Tufts Alliance Linking Leaders in Education and the Services (ALLIES) hosted its first annual Civil-Military Relations Conference this past Friday and Saturday. The conference, titled “In Case of Emergency: Civil-Military Relations and Disaster Response,” featured a panel of disaster relief professionals.
“We wanted this conference to be more of a ‘voices from the field’ type event, in which we bring in people from across the humanitarian aid and disaster relief field to talk about their experiences responding to natural disasters,” ALLIES Conference Co-Director William Beckham said.

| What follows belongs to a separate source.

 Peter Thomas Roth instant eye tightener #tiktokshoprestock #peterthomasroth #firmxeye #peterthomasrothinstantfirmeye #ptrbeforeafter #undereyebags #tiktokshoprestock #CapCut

The panelists included keynote speaker Col. Wiley Thompson, chair of the Geography and Environmental Engineering Department at the U.S. Military Academy at West Point, and Michael Marx, senior civil-military coordination adviser for the U.N.'s Office for the Coordination of Humanitarian Affairs.
"We tried to bring in people who had a very diverse range of experiences and a diverse group of perspectives,” Tufts ALLIES Co-Director Joseph Sax said.
According to Sax, a senior, this year’s conference theme was in part inspired by “Armed Humanitarians: The Rise of the Nation Builders,” a book by Nathan Hodge that explores the potentially troubling consequences of humanitarian assistance in disaster relief.
“We thought, ‘This is a real conversation we should have with people on both the military and civilian side,’” he said. “We hope students learn[ed] a lot about the initial controversies should the military be involved in disaster response. We hope to inform peoples' understanding of how emergency disaster response works -- at Tufts, I think it’s a question people have a fairly substantial amount.”
Beckham, a senior, added that the goal of the conference was to spark thought and debate regarding how all these different organizations are able to join together for the specific cause of humanitarian relief and whether or not they should be doing so at all.
“When you have institutions and organizations as varied as the Red Cross, the U.N., USAID and other civilian aid agencies, militaries, smaller NGOs, etc. responding to major natural disasters around the world, it really warrants a discussion on how these organizations manage to work together -- or not,” he said. “Natural disasters represent some of the world’s most urgent, unpredictable humanitarian crises, and organizations need to understand how the other actors in the field operate if they want to be successful.”
Beckham added that that ALLIES exists to facilitate these discussions.
“Is it appropriate for militaries to be involved in natural disasters in the first place?" he asked. "Dialogues on topics like [this] are why ALLIES was founded.”
According to Beckham and Sax, this is the only time ALLIES has hosted a major event on this topic, but the group intends to host a similar conference each fall semester in the future. Additional ALLIES chapters from universities across the country were also invited to participate.
“[Seeing] 30 other ALLIES members come from our chapters at the U.S. Naval Academy, the U.S. Military Academy at West Point and Wellesley College [to] attend the event has been a huge plus for us,” Beckham said.
The final stage of the conference involved a diplomatic crisis scenario during which participants acted out a real-time disaster response simulation, the specifics of which were not revealed beforehand, according to Beckham.
“The diplomatic crisis scenario, crafted by [retired Lt. Col.] Mark Stanovich, was staged in 2018 and dealt with a devastating typhoon that hit Vietnam and resulting geopolitical China-U.S. relations,” ALLIES Conference Co-Director Jackie Faselt told the Daily in an email. “The Military Fellows from Fletcher, who have begun to attend weekly ALLIES meetings, played a helpful role in facilitating the scenario.”
Faselt, a sophomore, added that future conferences should be even more successful as word spreads and a larger, more varied portion of the student population begins to attend.
“I would love to see more students who don’t usually come to ALLIES events in attendance,” she said. “Although the [International Relations]-security crowd seems to populate many of ALLIES’ events, topics covered this weekend were applicable to many different fields of studies including computer science, environmental science and public health.”